8 December 2017

This year’s Christmas concerts took place over two consecutive evenings in the School’s Amey Theatre, and were devised to give nine of the School’s choirs, bands and orchestras a platform to perform their work this term.

We started with the new recruits – the 60 boys of the First Year in a choir in their first ever Abingdon performance and under the direction of Assistant Director of Music, John Cotton. They delighted their parents with lusty singing of two seasonal songs – Riu Riu Chiu, a medieval Spanish song, and Santa Claus is Coming to Town, with percussionist, Jack Cabell, providing some very suitable rhythmic links on the drum. Chamber Orchestra was next with Warlock’s timeless Capriol Suite.

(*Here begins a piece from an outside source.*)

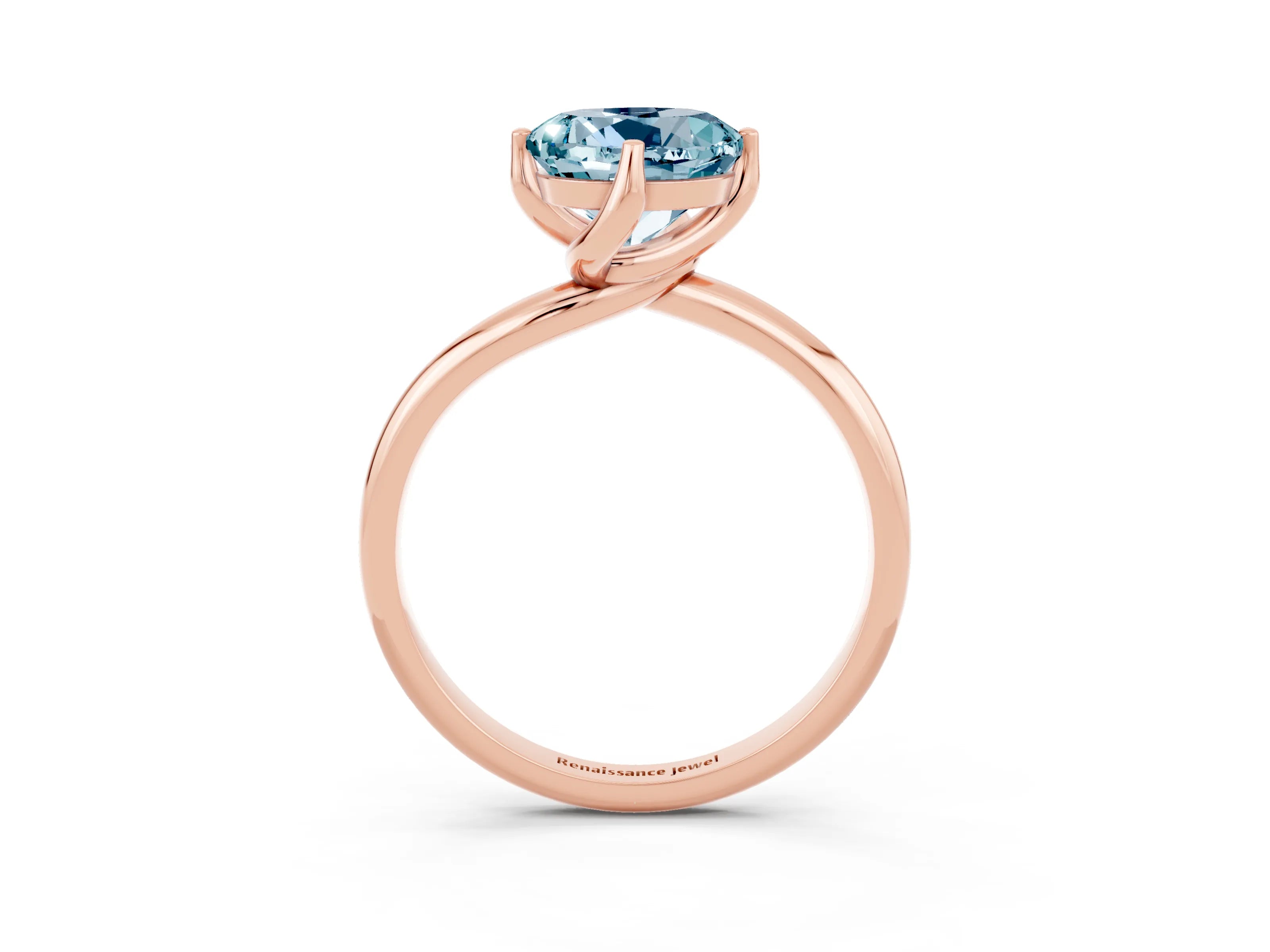 Rose gold Round Cut Aquamarine Solitaire Engagement Ring with Four-Prong Setting and Classic Band_15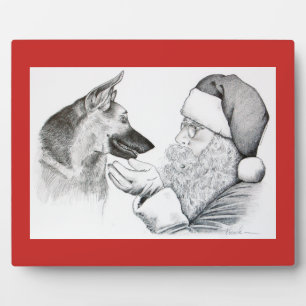 Plaque Photo Berger allemand et Père Noël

Gospel Choir, directed by Helen Wenham, continued with two evocative arrangements, the spiritual, Go Tell it On the Mountain and the Marvin Gaye classic, Ain’t no Mountain High Enough which they sang with their customary zeal and enjoyment. A change of style was soon apparent in Mr Cotton’s Joint Chamber Choir – Bob Chilcott’s arrangement of the traditional Shaker song, The Gift to be Simple and his own arrangement of Christmas and other well-known themes in Wintertime.

Big Band brought the first half to an end with three ambitious tunes – Train Shuffle, I Put a Spell on You (vocalist, David Bicarregui) and Cold Duck Time – and, as always, the performances were suitably exuberant and full of fun.

After the interval, Andy Townsend’s Brass Band played a wonderfully crisp and disciplined performance of Alford’s march, On the Quarterdeck followed by the Wind Band’s performance of the epic Queen chart-topper, Bohemian Rhapsody, which took many a parent on a trip down memory lane to the early 1970s.

The orchestras closed the concert this year. Second Orchestra were in fine form in Verdi’s March from Aida, a new trumpet section, bolstered by the coaching of Mr Townsend, singing out that famous operatic tune. A seasonal favourite followed with Leroy Anderson’s Sleigh Ride, complete with horse whinnying from the trumpets and a whip from the percussion.

With First Orchestra we heard flautist, Will Lam, in Cécile Chaminade’s Concertino, played from memory and real professionalism. This was a richly lyrical and subtle performance from this distinguished player, now in his final year. Finally, we heard Elgar’s at times exciting and noble Pomp and Circumstance March No 1, a work that gives great opportunities for all sections of the orchestra. Everyone enjoyed the final moment – a congregational performance of the carol, Unto Us is Born a Son.